ファストフードの定番であったセルフサービスのソーダファウンテンが、マクドナルドで徐々に姿を消しつつある。顧客は自由に飲み物を注ぎ、カスタマイズできるこのシステムは、長年にわたり同社の象徴的なサービスの一つだったが、運営効率化の流れの中で廃止が決定された。
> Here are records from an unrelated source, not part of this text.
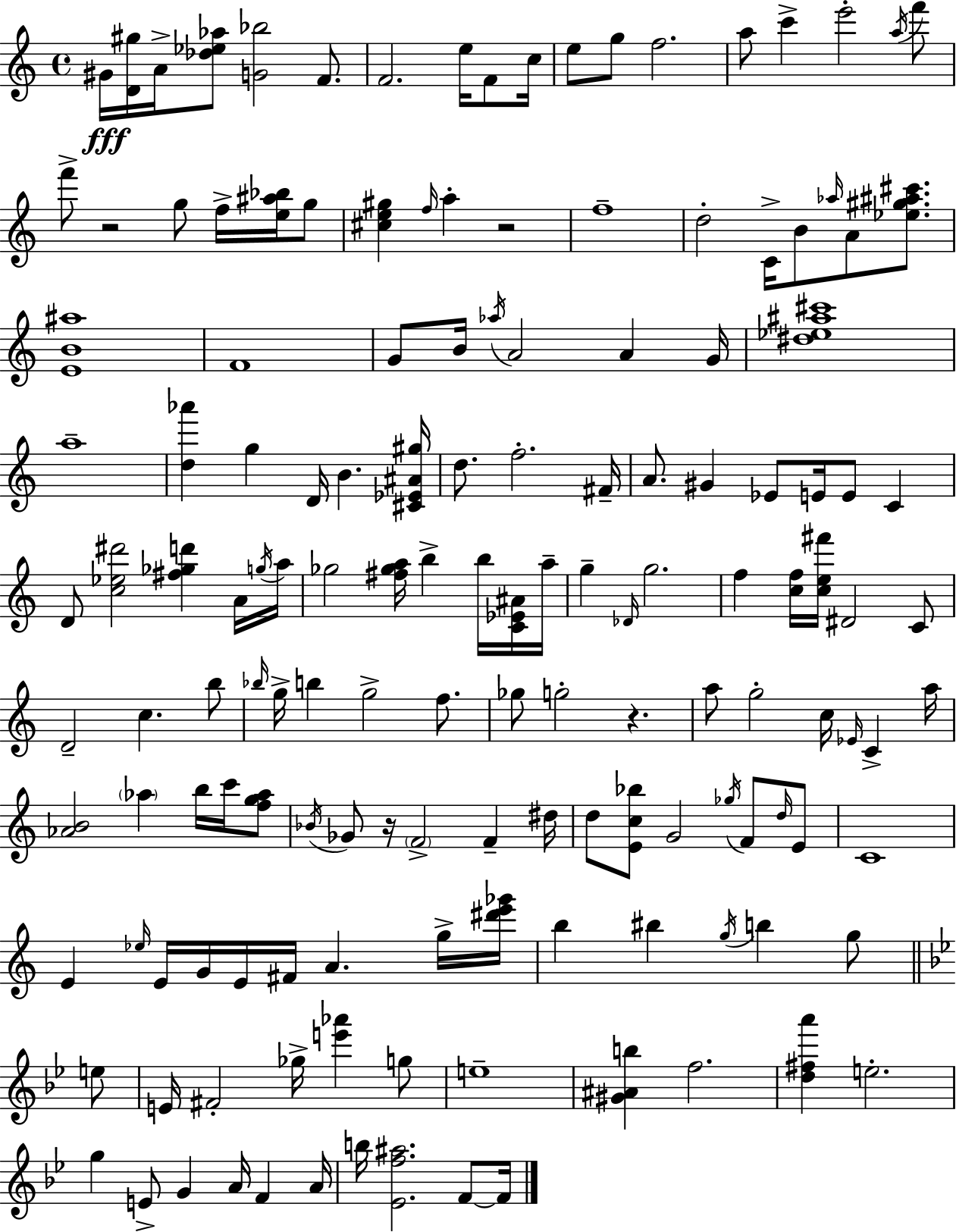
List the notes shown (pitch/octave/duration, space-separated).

G#4/s [D4,G#5]/s A4/s [Db5,Eb5,Ab5]/e [G4,Bb5]/h F4/e. F4/h. E5/s F4/e C5/s E5/e G5/e F5/h. A5/e C6/q E6/h A5/s F6/e F6/e R/h G5/e F5/s [E5,A#5,Bb5]/s G5/e [C#5,E5,G#5]/q F5/s A5/q R/h F5/w D5/h C4/s B4/e Ab5/s A4/e [Eb5,G#5,A#5,C#6]/e. [E4,B4,A#5]/w F4/w G4/e B4/s Ab5/s A4/h A4/q G4/s [D#5,Eb5,A#5,C#6]/w A5/w [D5,Ab6]/q G5/q D4/s B4/q. [C#4,Eb4,A#4,G#5]/s D5/e. F5/h. F#4/s A4/e. G#4/q Eb4/e E4/s E4/e C4/q D4/e [C5,Eb5,D#6]/h [F#5,Gb5,D6]/q A4/s G5/s A5/s Gb5/h [F#5,Gb5,A5]/s B5/q B5/s [C4,Eb4,A#4]/s A5/s G5/q Db4/s G5/h. F5/q [C5,F5]/s [C5,E5,F#6]/s D#4/h C4/e D4/h C5/q. B5/e Bb5/s G5/s B5/q G5/h F5/e. Gb5/e G5/h R/q. A5/e G5/h C5/s Eb4/s C4/q A5/s [Ab4,B4]/h Ab5/q B5/s C6/s [F5,G5,Ab5]/e Bb4/s Gb4/e R/s F4/h F4/q D#5/s D5/e [E4,C5,Bb5]/e G4/h Gb5/s F4/e D5/s E4/e C4/w E4/q Eb5/s E4/s G4/s E4/s F#4/s A4/q. G5/s [D#6,E6,Gb6]/s B5/q BIS5/q G5/s B5/q G5/e E5/e E4/s F#4/h Gb5/s [E6,Ab6]/q G5/e E5/w [G#4,A#4,B5]/q F5/h. [D5,F#5,A6]/q E5/h. G5/q E4/e G4/q A4/s F4/q A4/s B5/s [Eb4,F5,A#5]/h. F4/e F4/s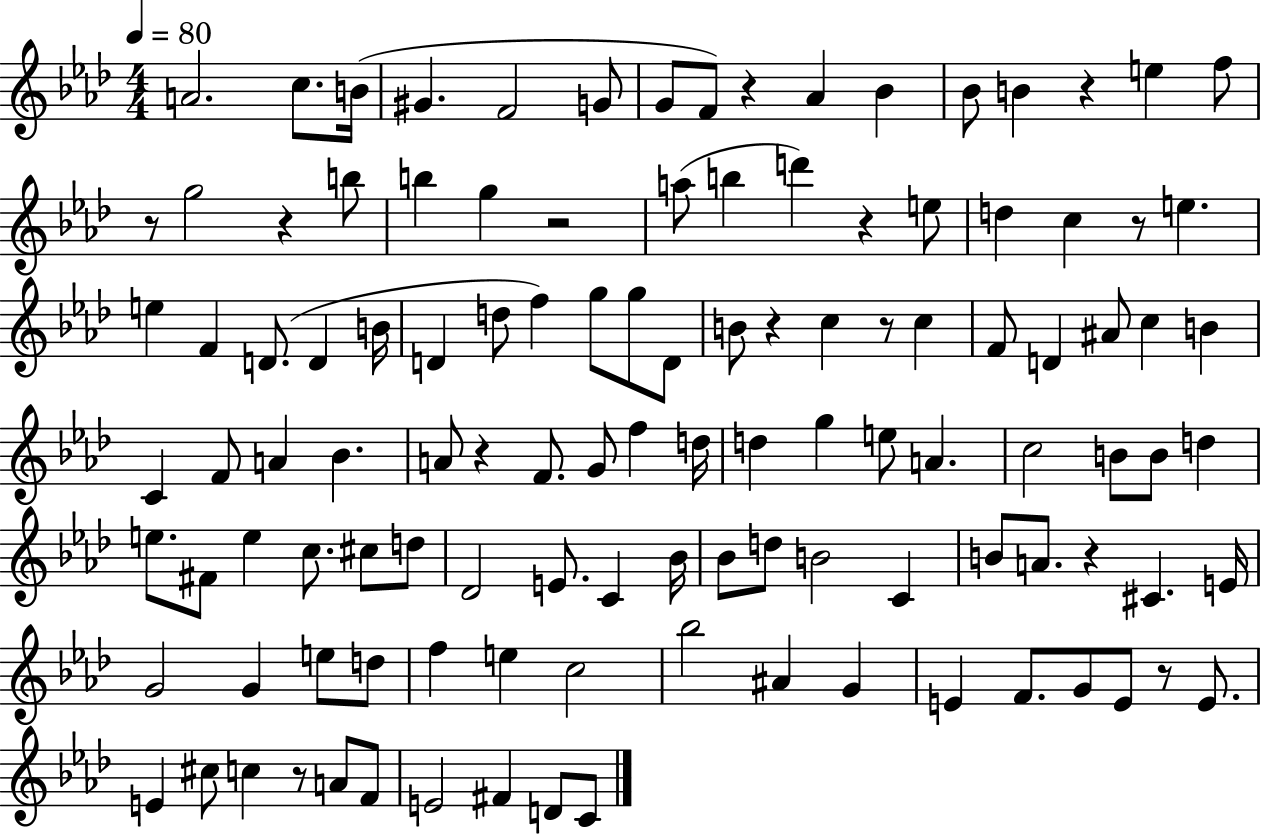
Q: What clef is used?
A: treble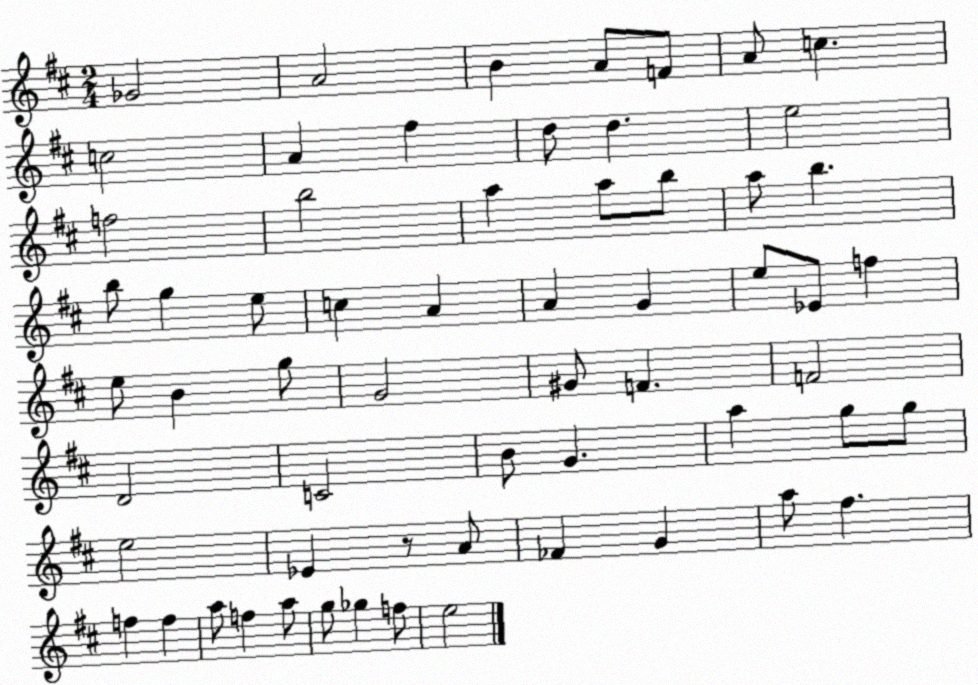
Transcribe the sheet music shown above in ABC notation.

X:1
T:Untitled
M:2/4
L:1/4
K:D
_G2 A2 B A/2 F/2 A/2 c c2 A ^f d/2 d e2 f2 b2 a a/2 b/2 a/2 b b/2 g e/2 c A A G e/2 _E/2 f e/2 B g/2 G2 ^G/2 F F2 D2 C2 B/2 G a g/2 g/2 e2 _E z/2 A/2 _F G a/2 ^f f f a/2 f a/2 g/2 _g f/2 e2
マクドナルドは2023年9月、セルフサービスのソーダファウンテンを2032年までに全店舗から撤去する計画を発表した。この決定は、デジタル注文やドライブスルー、店内注文など多様な注文方法に対応するための運用の一貫性を高める狙いがあるという。撤去作業は段階的に進められ、すでに一部の店舗ではファウンテンが撤去されたケースも報告されている。

顧客の反応:廃止が進む店舗の実態

ソーシャルメディア上では、ファウンテンが撤去された店舗の写真が投稿され、顧客から驚きの声が上がっている。あるユーザーは「マクドナルドの店内にあった飲み物スタンドとケチャップがなくなっていた」と投稿。別のユーザーは「ドライブ旅行中に立ち寄った店舗が、以前と全く違う雰囲気になっていた。注文はキオスクで行い、スタッフは奥から注文を持ってくるだけ。奇妙な感じだった」と証言した。

廃止の背景:衛生面と運用効率化

当初は運用効率化が主な理由とされたが、新型コロナウイルス感染症の流行をきっかけとした衛生面への懸念や、店内飲食から持ち帰り・デリバリーへとシフトする顧客行動の変化も影響していると専門家は指摘する。今後はスタッフが注文と同時に飲み物を用意する形に移行し、顧客が再注文する際はスタッフに声をかける必要がある。

マクドナルドの戦略:デジタル化と売上の変化

この決定は、マクドナルドがデジタル化を推進し、顧客の嗜好変化に対応する戦略の一環だ。同社の国内売上の約40%はデジタル注文によるもので、店内飲食よりも持ち帰りやデリバリーが主流となりつつある。しかし、一部の顧客にとっては、この変化は受け入れがたいものとなっている。

「彼らは理解していない。あの小さなサービスがなくなったら、私は二度と来ない。ただの高いジャンクフードしか残らない。」
— ある顧客のコメント

マクドナルドのセルフサービスファウンテン廃止は、ファストフード業界全体の動きの一つでもある。顧客体験のデジタル化が進む中で、今後も同様の動きが広がる可能性がある。